Nous sommes samedi et comme tous les samedi, je sais qu'Elsa doit partir chez sa grand-mère pour y passer le Week-end. J'espère qu'il se passera bien.
Je sais aussi que pour moi, cette journée passera très vite.
Jack revient vers moi et m'invite à le suivre.
Nous empruntons le long couloir blanc qui mène à l'extérieur, je marche sans trop penser à ce qui m’attend derrière cette porte...
Je connais bien les lieux et l'angoisse que j'avais la veille a totalement disparu. Jack pousse la porte et me fait signe d'avancer tout droit, jusqu'au mur qui se trouve à environ 200 mètres. Je le regarde une fois encore. Son visage est fermé, son regard embrumé...
Je sors et vois le soleil briller dans le ciel. Aucun nuage pour me faire de l'ombre. Il fait déjà très chaud pour un matin, peut être 25 degrés ou plus, et puis peu importe...
J’avance calmement jusqu'au mur qui d'apparence devait être blanc enfin, il y a longtemps ; le temps et les événements ont eu raison de lui, sa couleur a disparu pour ne laisser place qu'à une surface sale et décrépite, marquée par de multiples impacts.

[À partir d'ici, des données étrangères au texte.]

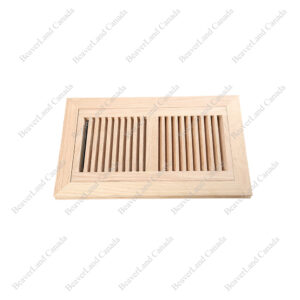 FM101 Flush Mount 6''*12'' Red Oak 25Pcs/Box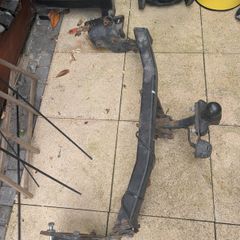 Tow bar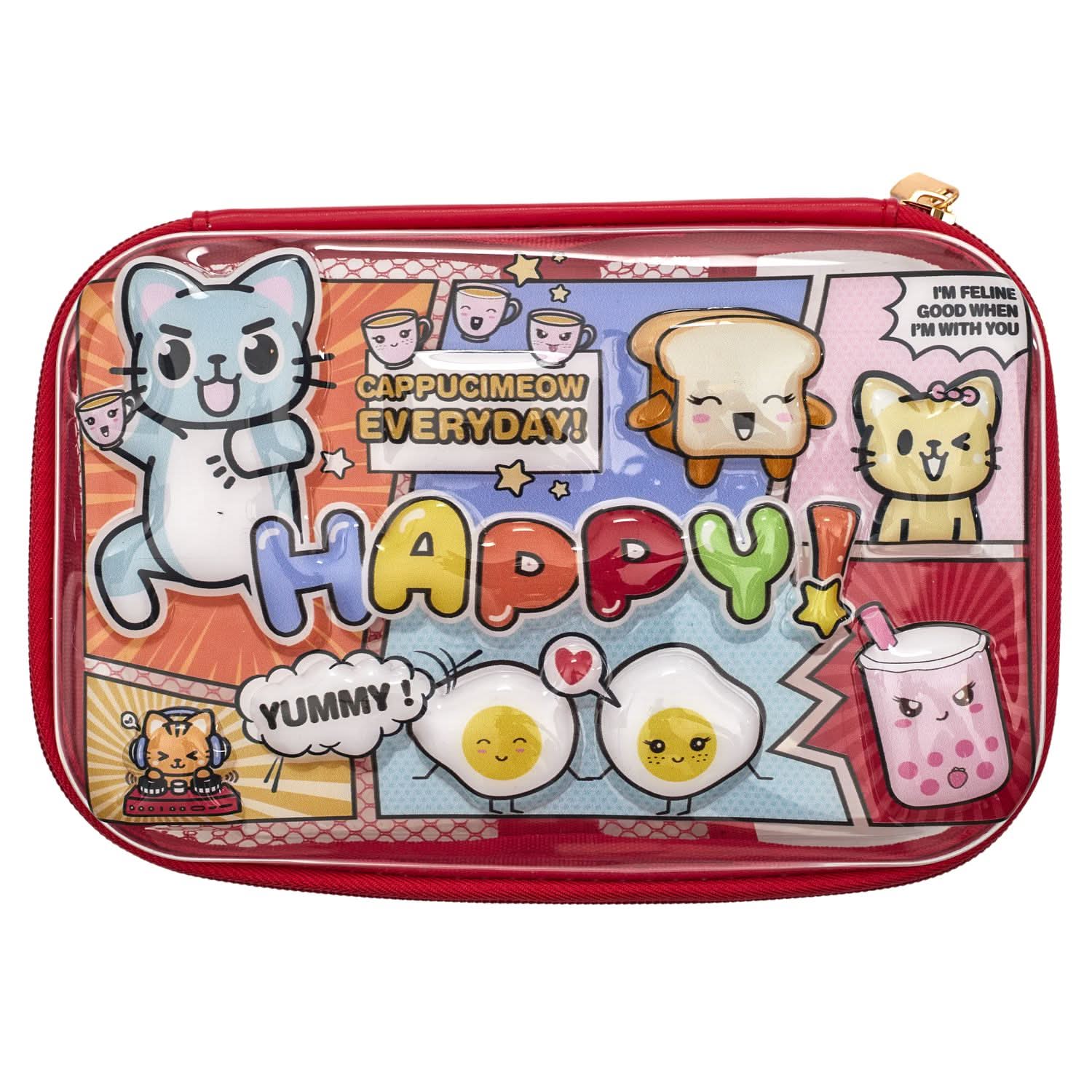 TROUSSE BD KAWAII - Image 3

On me somme de m'arrêter. Je m'exécute.
Aucun bruit ne trouble cet instant, tout est calme, comme si le temps venait de s'arrêter, Suspendu au battement de mon coeur...
Je ferme les yeux, respire profondément puis, j'écarte lentement mes bras en les levant à l'horizontal. Je ressens chacun de mes mouvements, chacun de mes gestes.

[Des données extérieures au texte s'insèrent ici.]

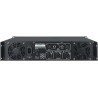 Dap Audio DAP HP-500 - Amplificatore di Potenza 2x 200 W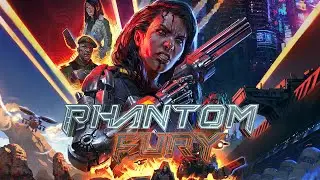 Игра Phantom Fury - Трейлер 2024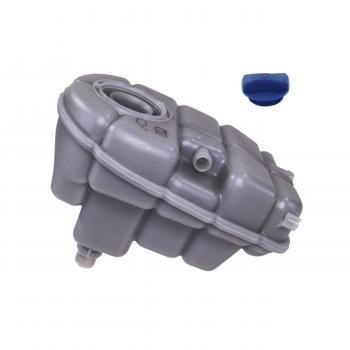 2018 Audi A7 Quattro Engine Coolant Overflow Tank Kit Rein Automotive EPK0191 image 3 of 4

L'air matinal qui pénètre dans mes poumons avec douceur ; les odeurs qu'il transporte se mélanger une à une en un véniel parfum où je distingue chaque saveur, les arbres, les fruits et le lilas.
J'entends les battements de mon coeur qui depuis toujours m'insuffle la vie. Boum boum, boum boum, sa mesure est régulière, aucune précipitation.
La brise qui se lève m'enveloppe un bref instant, fait tournoyer mes cheveux puis retombe. La lumière est si forte que malgré mes yeux fermés, je la perçois aux travers mes paupières. De ses rais, l'astre réchauffe mon corps, chaque rayon apportant sa part de douceur et de chaleur.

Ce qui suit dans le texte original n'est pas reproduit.